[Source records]
=-=-=-=-=

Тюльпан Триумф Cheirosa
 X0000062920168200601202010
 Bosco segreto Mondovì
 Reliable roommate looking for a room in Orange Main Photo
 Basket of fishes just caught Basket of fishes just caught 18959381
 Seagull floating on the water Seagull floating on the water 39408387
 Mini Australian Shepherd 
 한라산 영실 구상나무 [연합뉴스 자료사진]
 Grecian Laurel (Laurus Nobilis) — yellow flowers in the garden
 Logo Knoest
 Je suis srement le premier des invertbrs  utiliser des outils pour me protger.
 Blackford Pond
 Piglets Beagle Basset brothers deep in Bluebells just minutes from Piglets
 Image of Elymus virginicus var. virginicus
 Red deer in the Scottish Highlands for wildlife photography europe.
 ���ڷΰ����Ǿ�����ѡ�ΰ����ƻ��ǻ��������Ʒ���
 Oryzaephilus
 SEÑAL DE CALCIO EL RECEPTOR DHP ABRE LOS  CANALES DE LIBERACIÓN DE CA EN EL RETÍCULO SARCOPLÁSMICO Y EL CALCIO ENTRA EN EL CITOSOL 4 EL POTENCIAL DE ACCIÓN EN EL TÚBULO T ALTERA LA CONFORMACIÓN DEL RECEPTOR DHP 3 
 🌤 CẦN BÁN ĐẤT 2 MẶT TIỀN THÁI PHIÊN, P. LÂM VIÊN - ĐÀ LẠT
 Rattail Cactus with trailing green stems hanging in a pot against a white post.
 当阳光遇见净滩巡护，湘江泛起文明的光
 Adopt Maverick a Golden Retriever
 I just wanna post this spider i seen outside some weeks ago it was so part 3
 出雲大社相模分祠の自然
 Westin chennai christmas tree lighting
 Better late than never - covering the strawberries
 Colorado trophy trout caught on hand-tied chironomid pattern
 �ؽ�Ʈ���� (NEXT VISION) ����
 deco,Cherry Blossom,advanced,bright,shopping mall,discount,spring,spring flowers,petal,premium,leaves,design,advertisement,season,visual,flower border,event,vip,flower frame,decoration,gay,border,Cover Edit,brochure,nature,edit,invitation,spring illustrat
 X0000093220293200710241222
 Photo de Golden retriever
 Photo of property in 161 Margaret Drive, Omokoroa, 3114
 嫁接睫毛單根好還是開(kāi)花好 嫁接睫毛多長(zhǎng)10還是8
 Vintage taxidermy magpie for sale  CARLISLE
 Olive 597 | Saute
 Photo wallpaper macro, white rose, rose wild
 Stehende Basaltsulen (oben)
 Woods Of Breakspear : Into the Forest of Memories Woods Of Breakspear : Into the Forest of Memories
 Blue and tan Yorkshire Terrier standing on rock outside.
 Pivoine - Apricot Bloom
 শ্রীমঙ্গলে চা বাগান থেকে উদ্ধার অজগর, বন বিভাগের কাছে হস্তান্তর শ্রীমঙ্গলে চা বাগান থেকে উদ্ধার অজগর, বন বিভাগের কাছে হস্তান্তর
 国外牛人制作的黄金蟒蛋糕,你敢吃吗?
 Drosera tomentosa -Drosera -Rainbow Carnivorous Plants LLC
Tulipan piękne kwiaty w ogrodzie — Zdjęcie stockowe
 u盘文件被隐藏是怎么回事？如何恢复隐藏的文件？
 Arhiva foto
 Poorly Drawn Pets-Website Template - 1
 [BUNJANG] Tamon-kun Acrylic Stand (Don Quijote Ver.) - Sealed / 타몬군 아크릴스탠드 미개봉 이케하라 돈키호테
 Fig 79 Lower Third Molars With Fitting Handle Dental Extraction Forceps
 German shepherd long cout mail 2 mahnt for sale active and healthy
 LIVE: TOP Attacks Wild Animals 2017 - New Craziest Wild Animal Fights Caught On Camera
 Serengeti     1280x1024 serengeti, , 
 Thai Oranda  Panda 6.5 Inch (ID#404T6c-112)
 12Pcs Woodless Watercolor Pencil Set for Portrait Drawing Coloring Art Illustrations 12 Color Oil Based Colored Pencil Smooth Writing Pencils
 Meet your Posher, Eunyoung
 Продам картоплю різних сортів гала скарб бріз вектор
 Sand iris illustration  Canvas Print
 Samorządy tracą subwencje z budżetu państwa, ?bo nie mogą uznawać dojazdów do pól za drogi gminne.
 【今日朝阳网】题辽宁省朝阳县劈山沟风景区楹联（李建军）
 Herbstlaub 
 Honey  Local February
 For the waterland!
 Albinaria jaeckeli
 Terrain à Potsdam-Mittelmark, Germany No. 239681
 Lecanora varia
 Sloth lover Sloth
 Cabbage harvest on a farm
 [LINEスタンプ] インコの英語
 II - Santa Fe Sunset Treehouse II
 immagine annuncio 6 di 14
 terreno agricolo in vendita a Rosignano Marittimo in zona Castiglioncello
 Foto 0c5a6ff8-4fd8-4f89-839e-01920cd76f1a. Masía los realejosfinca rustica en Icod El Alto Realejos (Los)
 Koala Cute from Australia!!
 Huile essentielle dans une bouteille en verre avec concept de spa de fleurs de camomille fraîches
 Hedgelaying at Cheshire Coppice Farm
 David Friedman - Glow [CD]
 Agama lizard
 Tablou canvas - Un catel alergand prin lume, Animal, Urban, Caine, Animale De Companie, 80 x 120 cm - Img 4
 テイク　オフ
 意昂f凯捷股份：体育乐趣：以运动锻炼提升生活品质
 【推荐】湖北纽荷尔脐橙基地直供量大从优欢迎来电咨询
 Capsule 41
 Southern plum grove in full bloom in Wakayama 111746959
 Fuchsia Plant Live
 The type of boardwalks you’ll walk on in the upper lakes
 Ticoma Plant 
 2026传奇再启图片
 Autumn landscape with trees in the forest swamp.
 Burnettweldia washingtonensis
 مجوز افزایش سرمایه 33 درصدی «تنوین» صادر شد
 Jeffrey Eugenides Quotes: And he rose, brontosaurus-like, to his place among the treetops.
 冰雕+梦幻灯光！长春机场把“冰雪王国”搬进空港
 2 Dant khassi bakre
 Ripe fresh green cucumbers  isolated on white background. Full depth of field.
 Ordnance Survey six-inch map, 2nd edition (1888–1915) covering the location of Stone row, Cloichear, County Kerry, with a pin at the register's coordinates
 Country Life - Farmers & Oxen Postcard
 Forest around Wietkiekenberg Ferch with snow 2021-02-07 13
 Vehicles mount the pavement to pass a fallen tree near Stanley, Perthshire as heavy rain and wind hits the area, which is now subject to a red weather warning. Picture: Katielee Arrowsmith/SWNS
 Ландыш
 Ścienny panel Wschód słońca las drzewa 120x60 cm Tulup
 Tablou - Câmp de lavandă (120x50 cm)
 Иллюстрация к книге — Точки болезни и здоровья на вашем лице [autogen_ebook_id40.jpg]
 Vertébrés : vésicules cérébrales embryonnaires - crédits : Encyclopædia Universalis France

=-=-=-=-=

> **DIRECTIONS FOR THIS TASK**
Starting at the line that has "Bosco segreto Mondovì" and ending at the line that has "한라산 영실 구상나무 [연합뉴스 자료사진]", please write out the lines above exactly, leaving out all others.

> **WRITTEN SOLUTION**
 Bosco segreto Mondovì
 Reliable roommate looking for a room in Orange Main Photo
 Basket of fishes just caught Basket of fishes just caught 18959381
 Seagull floating on the water Seagull floating on the water 39408387
 Mini Australian Shepherd 
 한라산 영실 구상나무 [연합뉴스 자료사진]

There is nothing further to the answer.